▶ **TASK DIRECTIONS**: Beginning with the line that contains "ぽっちゃりファックオンリーファンズ ホットヌード 写真", copy each subsequent line of the data below through the last one, including both ends but not the pictures.

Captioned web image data
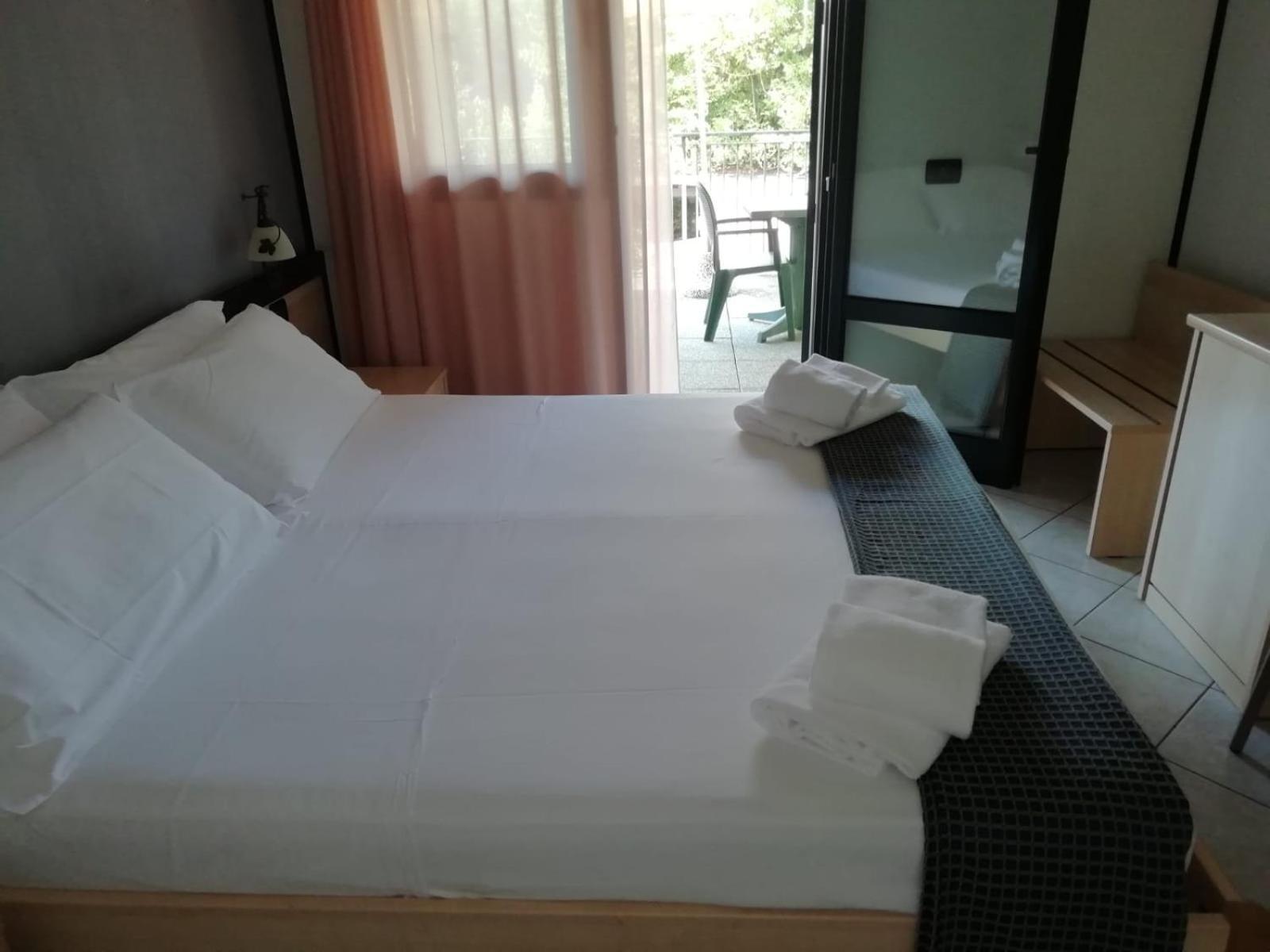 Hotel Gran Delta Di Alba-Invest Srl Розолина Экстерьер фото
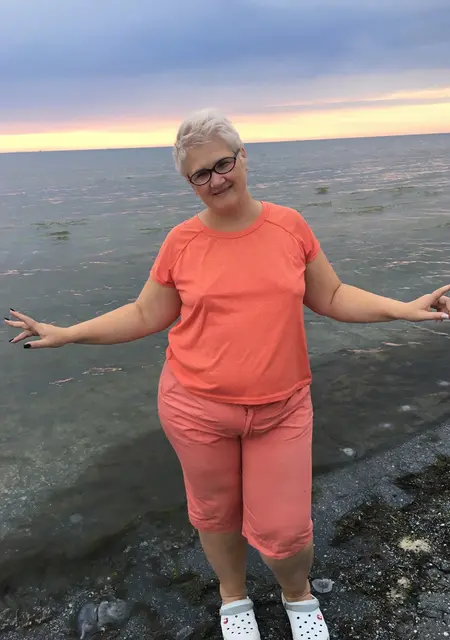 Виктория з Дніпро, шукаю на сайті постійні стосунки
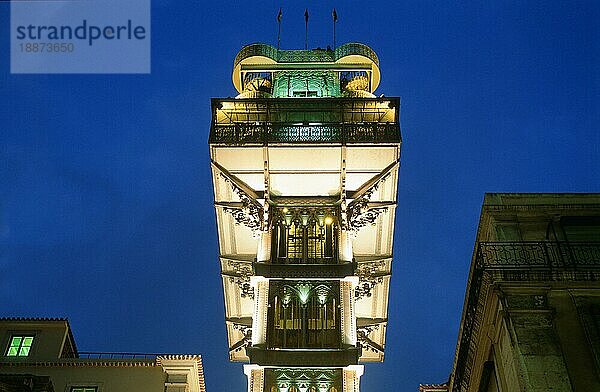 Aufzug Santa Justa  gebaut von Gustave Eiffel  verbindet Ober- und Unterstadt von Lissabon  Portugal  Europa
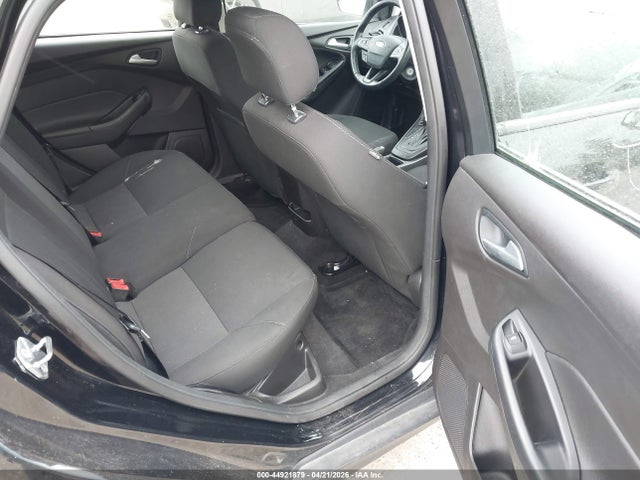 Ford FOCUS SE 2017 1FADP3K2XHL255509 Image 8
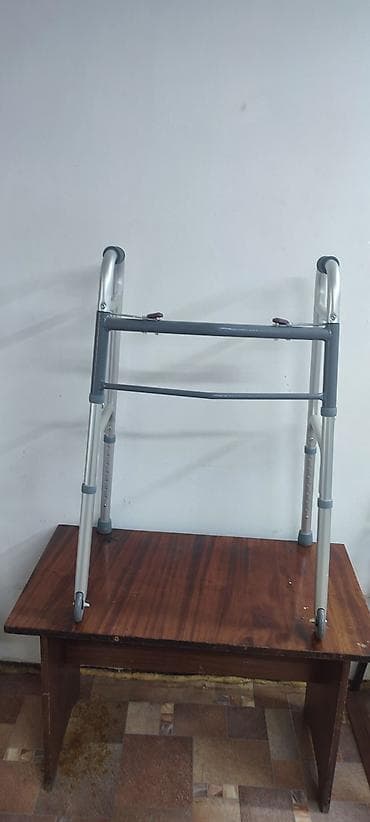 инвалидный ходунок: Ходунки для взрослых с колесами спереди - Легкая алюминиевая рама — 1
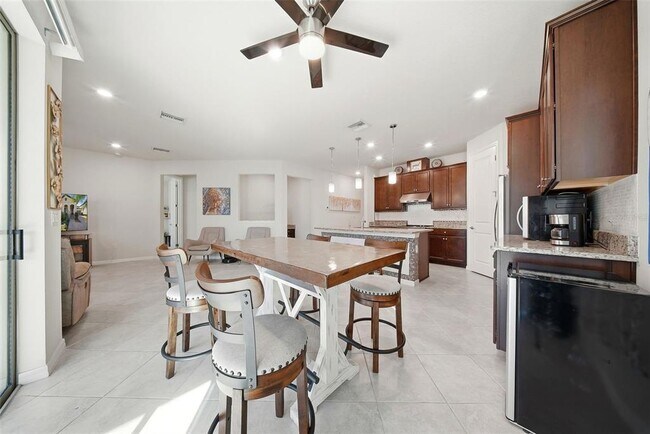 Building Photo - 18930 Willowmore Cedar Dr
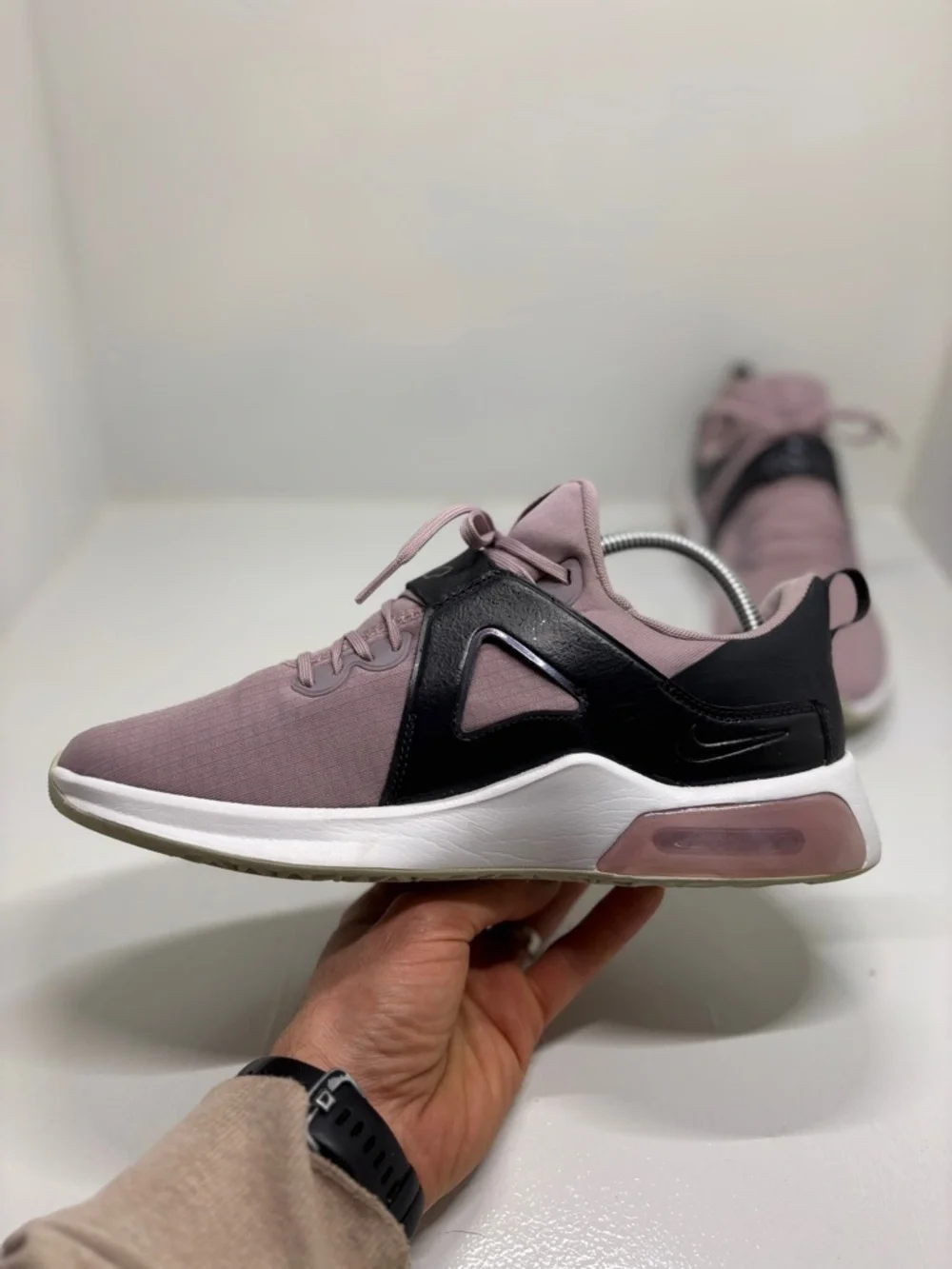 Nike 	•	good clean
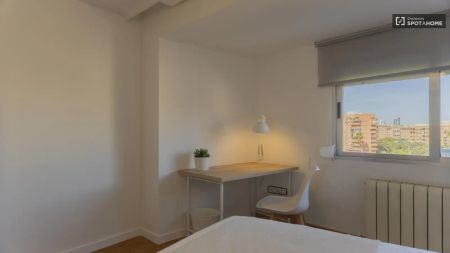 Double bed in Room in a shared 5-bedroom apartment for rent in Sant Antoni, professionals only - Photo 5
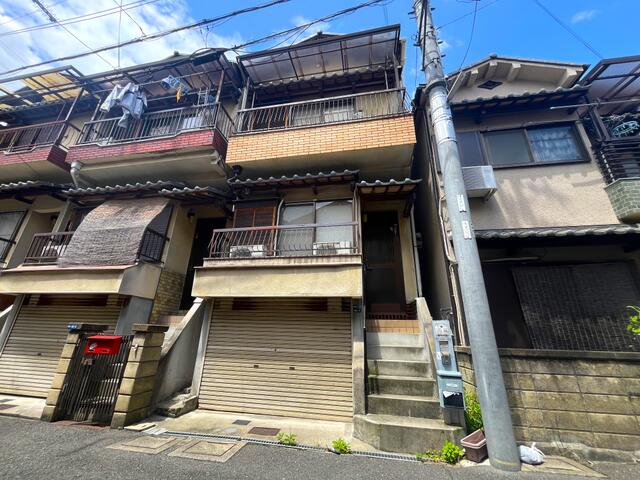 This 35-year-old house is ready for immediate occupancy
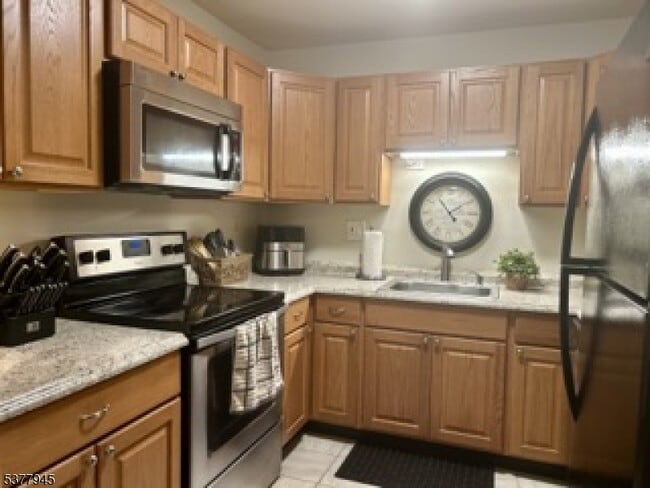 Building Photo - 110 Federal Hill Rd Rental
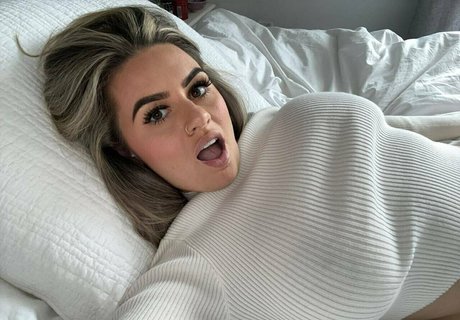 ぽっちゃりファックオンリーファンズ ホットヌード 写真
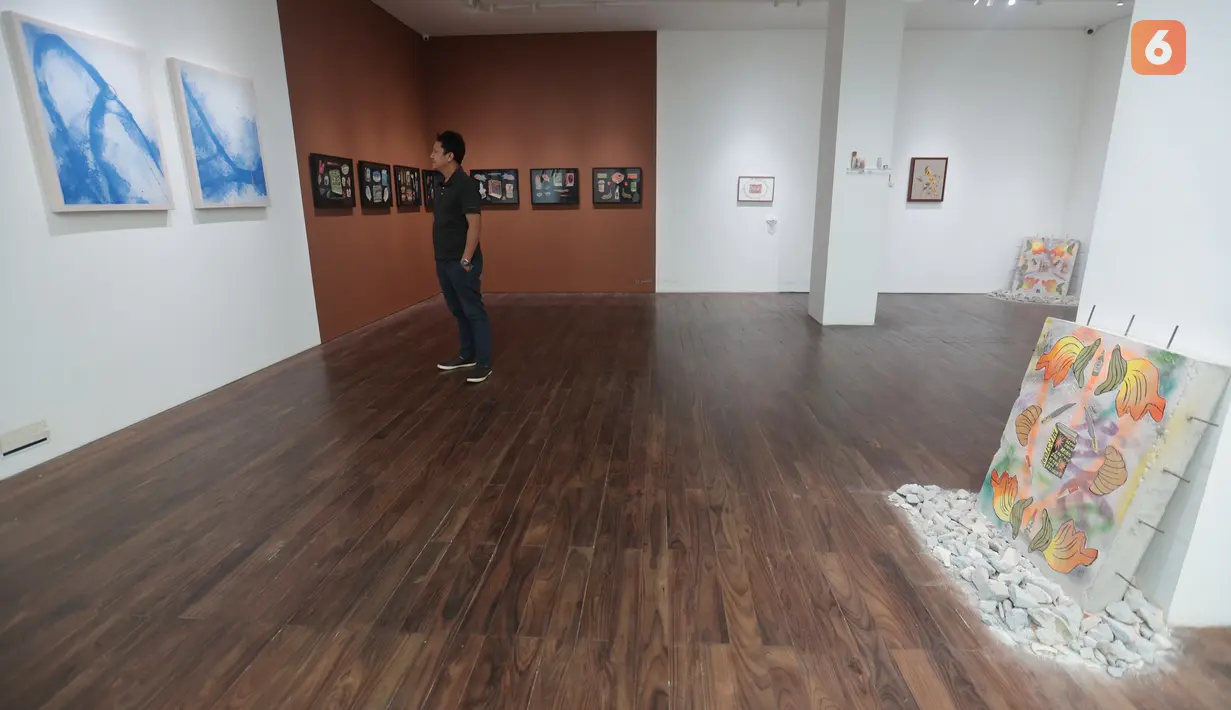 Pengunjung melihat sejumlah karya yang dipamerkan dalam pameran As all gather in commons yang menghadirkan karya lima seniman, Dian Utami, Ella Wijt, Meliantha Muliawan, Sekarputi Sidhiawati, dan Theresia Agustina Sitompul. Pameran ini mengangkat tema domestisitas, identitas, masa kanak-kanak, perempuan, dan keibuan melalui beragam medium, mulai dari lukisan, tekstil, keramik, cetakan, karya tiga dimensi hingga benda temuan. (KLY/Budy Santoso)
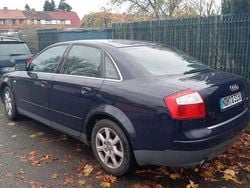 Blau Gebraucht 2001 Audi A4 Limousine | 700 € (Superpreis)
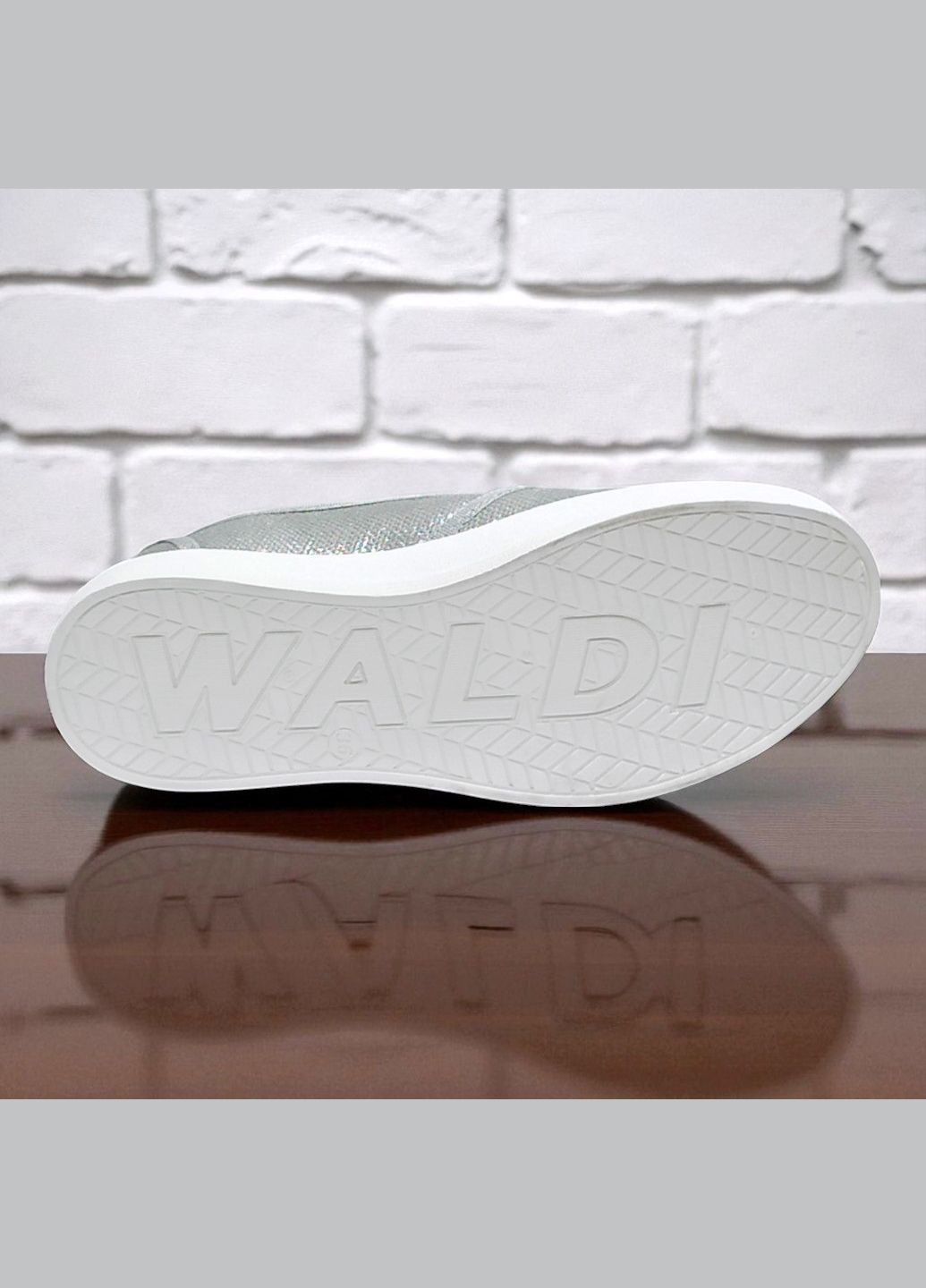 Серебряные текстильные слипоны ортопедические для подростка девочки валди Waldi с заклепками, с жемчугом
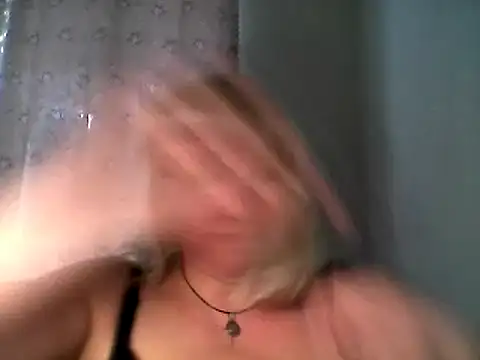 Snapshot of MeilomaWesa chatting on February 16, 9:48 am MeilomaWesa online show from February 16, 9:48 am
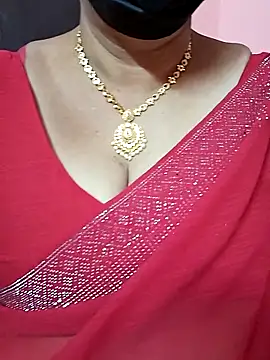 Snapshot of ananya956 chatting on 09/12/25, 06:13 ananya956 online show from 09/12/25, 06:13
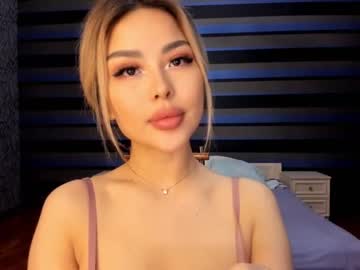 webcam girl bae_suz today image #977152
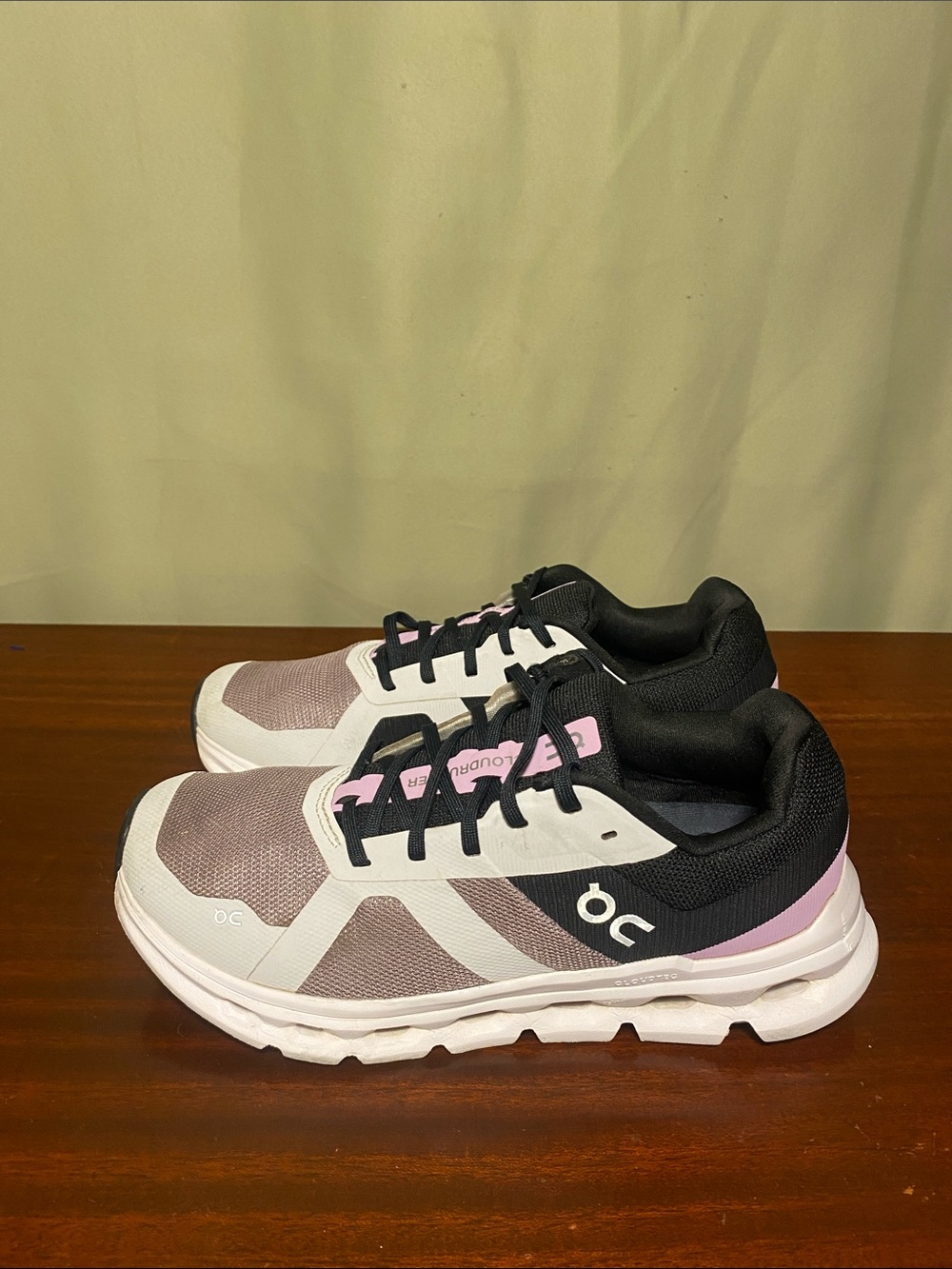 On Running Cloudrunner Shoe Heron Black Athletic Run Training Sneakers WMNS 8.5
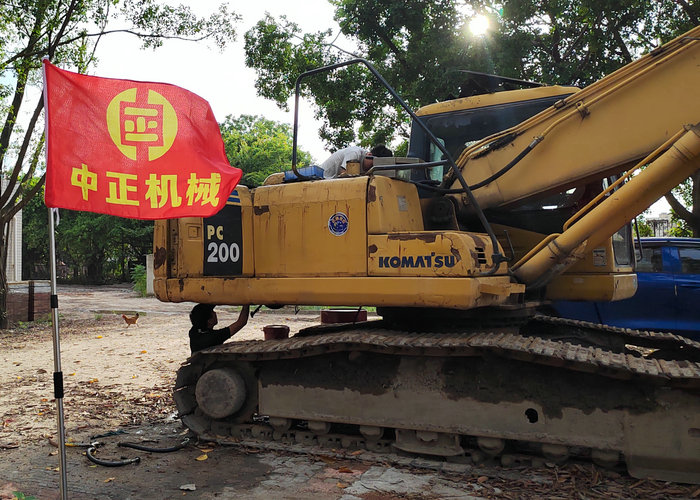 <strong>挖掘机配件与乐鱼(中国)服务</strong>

▶ **RESULT**:
 ぽっちゃりファックオンリーファンズ ホットヌード 写真
 Pengunjung melihat sejumlah karya yang dipamerkan dalam pameran As all gather in commons yang menghadirkan karya lima seniman, Dian Utami, Ella Wijt, Meliantha Muliawan, Sekarputi Sidhiawati, dan Theresia Agustina Sitompul. Pameran ini mengangkat tema domestisitas, identitas, masa kanak-kanak, perempuan, dan keibuan melalui beragam medium, mulai dari lukisan, tekstil, keramik, cetakan, karya tiga dimensi hingga benda temuan. (KLY/Budy Santoso)
 Blau Gebraucht 2001 Audi A4 Limousine | 700 € (Superpreis)
 Серебряные текстильные слипоны ортопедические для подростка девочки валди Waldi с заклепками, с жемчугом
 Snapshot of MeilomaWesa chatting on February 16, 9:48 am MeilomaWesa online show from February 16, 9:48 am
 Snapshot of ananya956 chatting on 09/12/25, 06:13 ananya956 online show from 09/12/25, 06:13
 webcam girl bae_suz today image #977152
 On Running Cloudrunner Shoe Heron Black Athletic Run Training Sneakers WMNS 8.5
 <strong>挖掘机配件与乐鱼(中国)服务</strong>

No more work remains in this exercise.